DATA UNDER STUDY:
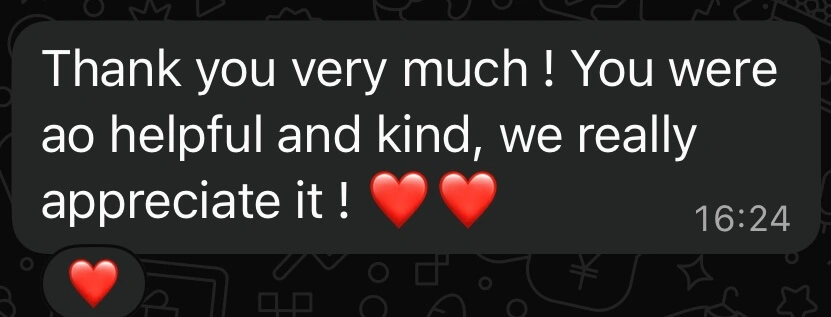 Screenshot of a client message expressing satisfaction with the service and the atmosphere at a Belgrade nightclub.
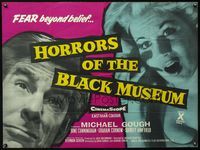 4z196 HORRORS OF THE BLACK MUSEUM British quad '59 June Cunningham has FEAR beyond belief!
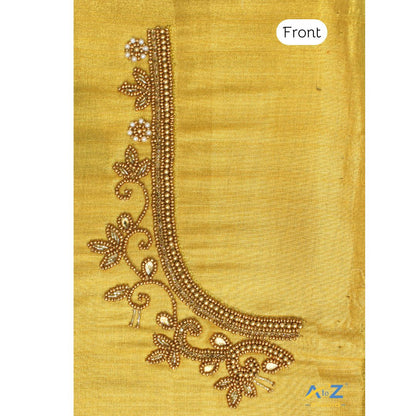 Gold Tissue Blouse Piece With Aari Work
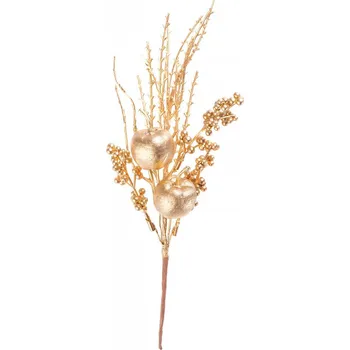 Vánoční dekorace Větvička MagicHome Vánoce, s jablíčky a bobulemi, zlatá, 30 cm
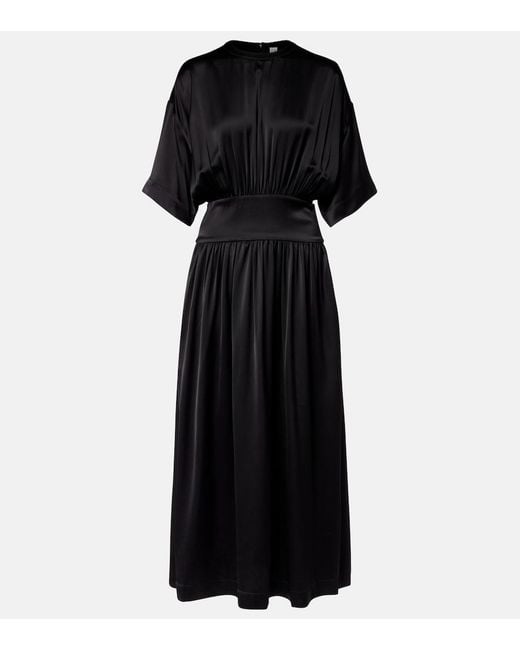 Totême Black Silk And Cotton Satin T-Shirt Dress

WHAT TO DO: Across all the lines above, repeat the wording exactly and omit the pictures.

WRITTEN ANSWER:
 Screenshot of a client message expressing satisfaction with the service and the atmosphere at a Belgrade nightclub.
 4z196 HORRORS OF THE BLACK MUSEUM British quad '59 June Cunningham has FEAR beyond belief!
 Gold Tissue Blouse Piece With Aari Work
 Vánoční dekorace Větvička MagicHome Vánoce, s jablíčky a bobulemi, zlatá, 30 cm
 Totême Black Silk And Cotton Satin T-Shirt Dress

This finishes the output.